Evidence of complex ice sheet dynamics characterized by abrupt changes in ice flow direction and convergent ice flow patterns are apparent throughout the upper St. Lawrence Valley suggesting that ice stream activity was a key process during the Late Wisconsinan in that region. Recent subsurface investigations of buried valleys near Montreal have provided a stratigraphic record of this complex glacial dynamics. A 78 m thick stratigraphic succession has been continuously drilled and its 2D architecture defined by seismic reflection. It consists, from base to top, of proximal glaciolacustrine sediments, two superposed and contrasting till sheets (Argenteuil and Oka tills) of inferred Late Wisconsinan age, and Champlain Sea sediments. The glacial sediments of this sequence record an ice advance toward south (Argenteuil Till) followed by an abrupt ice flow shift toward the southwest (Oka Till).
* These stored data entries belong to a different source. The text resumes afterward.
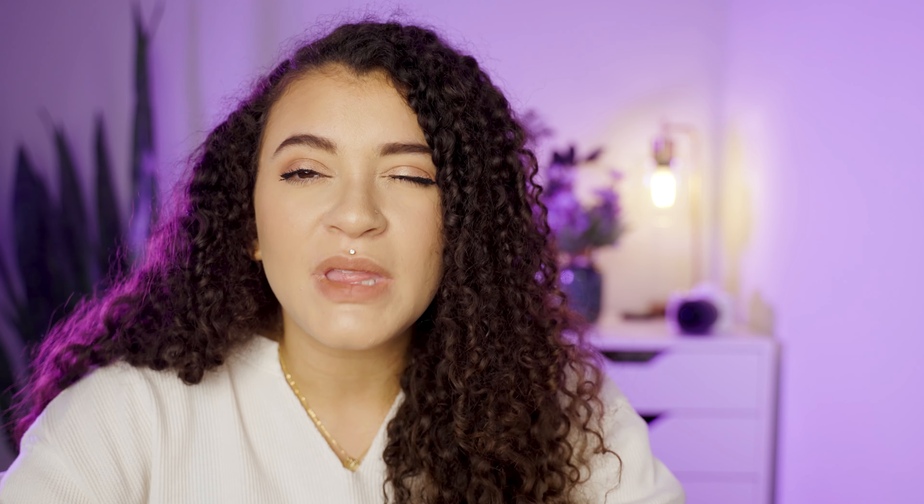I've definitely had bags in the past that are heavy on their own, and then you put stuff in them and you're like, what was I thinking? I know this bag also comes in a petite size, which I'm assuming means smaller, so if you think this bag would be too big for you, you could try out the smaller size. It comes in a bunch of different colors, and they have other bags on their website too. I'll leave a link in the description down below so you can check out what other colors it comes in.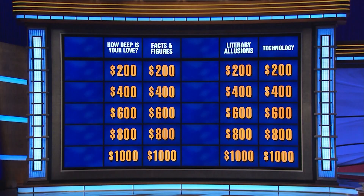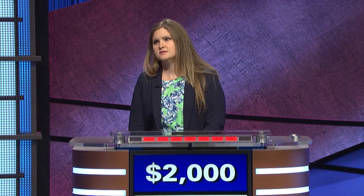Technology, 200. Reshma Sujani with the clue: Computer scientist Annie Eastley wrote code that helped in the development of the first batteries used in this class of car that employs dual power systems. Leah. What are hybrids? That's it.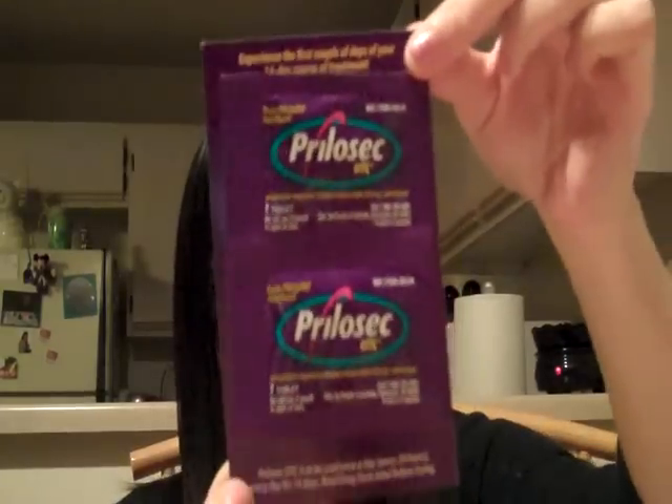I also received Crest 3D White Strips — just one upper and one lower strip. I also received over-the-counter Prilosec, which is not cheap, and I got two tablets. I do get heartburn not super frequently but frequently enough that I have my own medication for it, and this stuff actually works — I've tried it before, and I got it for free.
Compositional and geomorphic data indicate that Oka Till is ubiquitous in the region and had a strong regional imprint in terms of glacial landform development. The analysis of a regional Digital Elevation Model (DEM) in combination with published ice-flow indicators shows convergent flow patterns from the Ottawa-Montreal-Adirondacks regions toward the Lake Ontario basin . These are locally crosscut by southward-trending ice flow features, thus suggesting that fast southwestward flow within the Ontario Lobe was abruptly shut down and replaced briefly by southward ice flow. The ice stream was most likely initiated in the Lake Ontario basin and its catchment area migrated northeastward into the Montreal region. Southward flow in the upper St. Lawrence Valley was seemingly favoured during full glacial conditions as well as during late deglaciation, as a post-ice stream re-equilibration mechanism.